Я передам Вам маленький анекдот, чтобы показать, что в точности Ваши ‘щели’ не суть две огромные дыры России, но просто — поры среди мириад подобных же, через которые идет пот, пар и иногда кровавый пар огромного тела России.
Я был студентом, мне нужно было заказать, в Нижнем, денные сорочки, и, получив адрес, я отправился исполнить скучную обязанность дневного обихода.

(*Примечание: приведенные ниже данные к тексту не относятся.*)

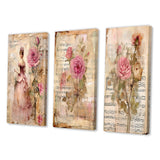 Designart "Victorian Lady Pink Roses Rustic Vintage I" Rose Pink - Canvas Set Of 3 For Living Room Decor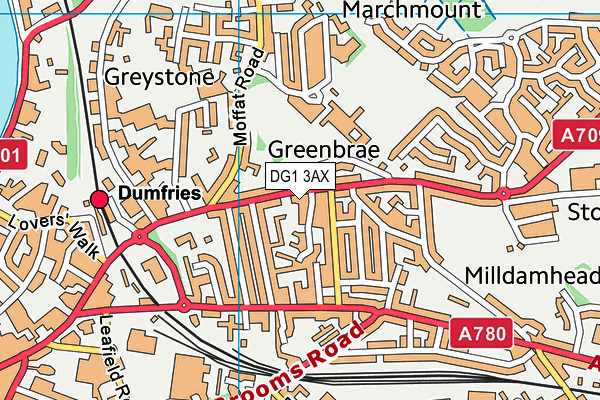 DG1 3AX map - OS VectorMap District (Ordnance Survey)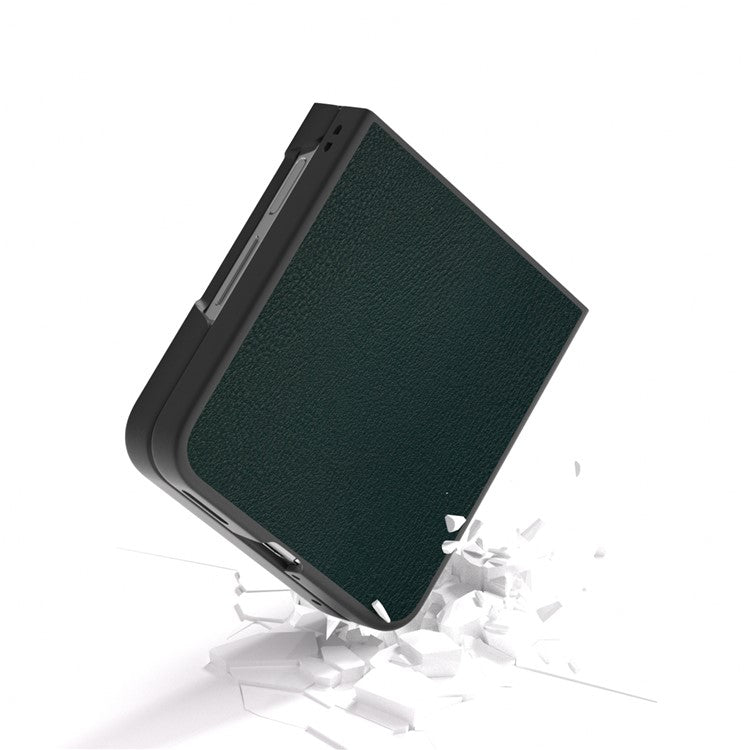 For Huawei nova Flip 5G Case Anti-Scratch PU Leather Coated PC Phone Cover - Green
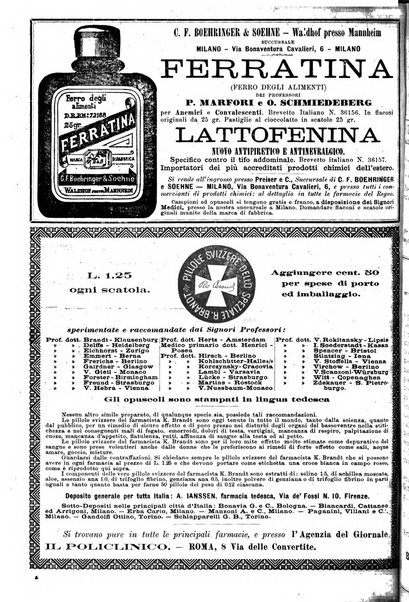 Supplemento al policlinico periodico di medicina, chirurgia ed igiene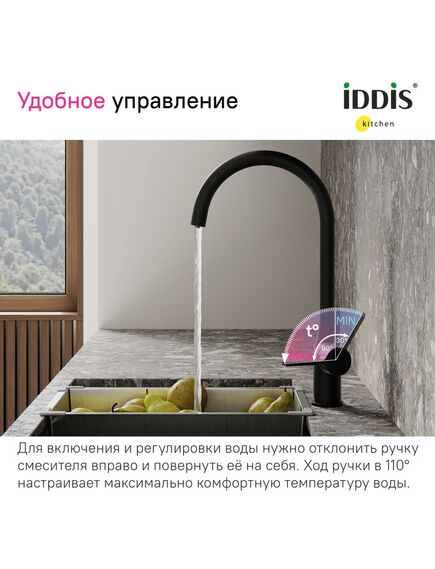 Купить Смеситель для кухни с каналом для фильтрованной воды, черный матовый, Pure, IDDIS, PURBLFJi05 (purblfji05) по цене 15100 руб., в Санкт-Петебруге в интернет магазине 100-Систем, а также дургие товары IDDIS из раздела Смесители с подключением фильтра и Смесители для кухни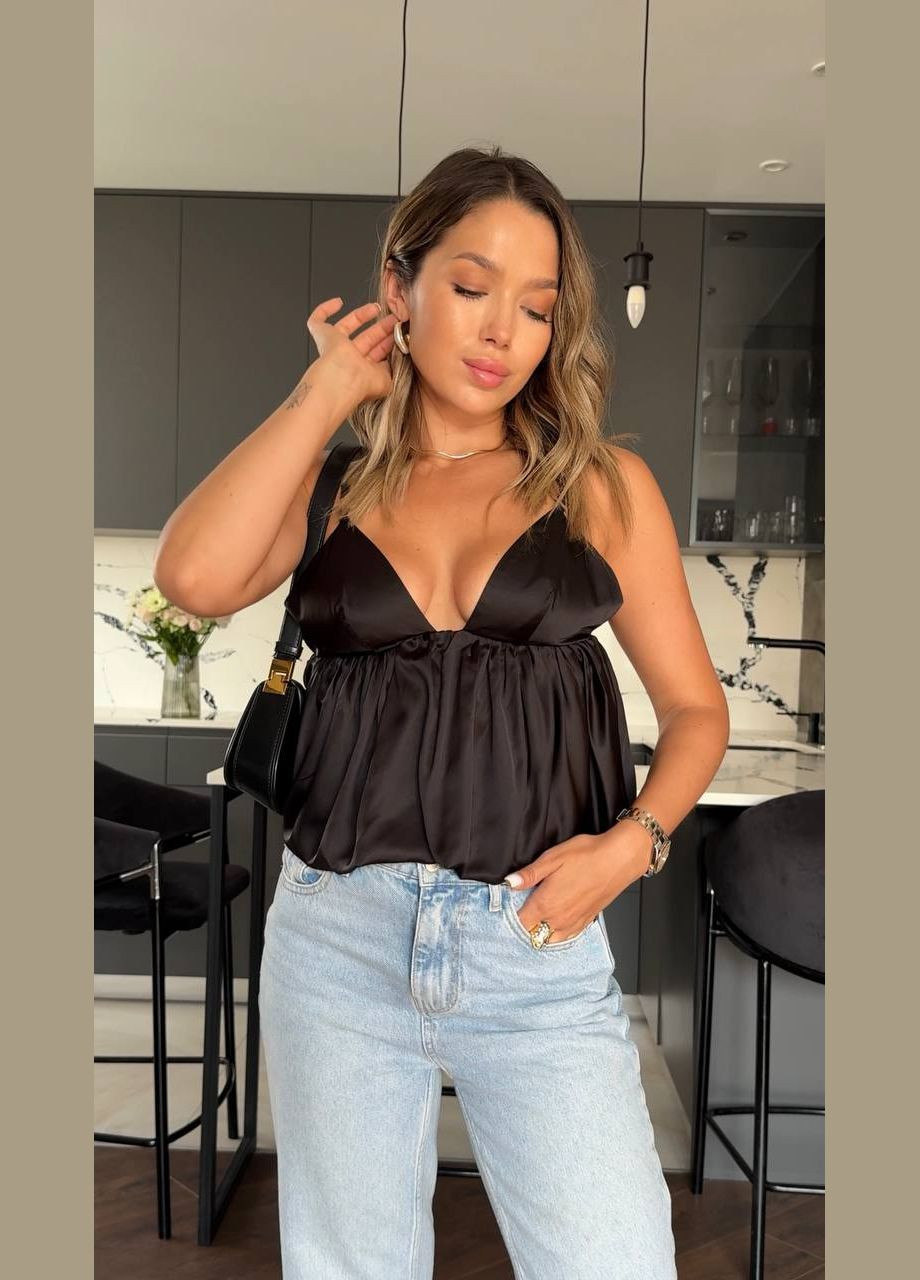 Вечерний женский топ с пышным низом черного цвета 33742 No Brand (340826700)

Заброшенная, на краю города, улица, очень высокая и нечистоплотна лестница. Отворяю дверь — и на меня пахнуло домашним райком, необыкновенно бедная комната — необыкновенно чиста, но, главное, как и всегда, при входе в квартиру, я почувствовал ее духовную атмосферу: забот, труд и какой-то нечеловеческой нежности попечения. Вышла женщина, лет 33 мне показавшаяся красивой, — столько благородства, ясности, открытости было в лице ее. Я дал заказ, и тут же, как завтрашний учитель, обратил внимание на гимназиста, куда-то прятавшегося в угол. Он был извлечен моим любопытством на свет Божий. Это был мальчик, как оказалось уже третьего класса, худой и с чем-то, идиотично-злобным ли, завистливым ли в лице. Было ясно, что этот, почти еще ребенок, желал бы, чтобы и я, и все люди провалились куда-нибудь. Еще черта: он почти держался за подол матери — и, очевидно, боялся хоть минуту быть без нее или у нее не на глазах… ‘— Я его и в гимназию провожаю: он без меня отказывается идти’.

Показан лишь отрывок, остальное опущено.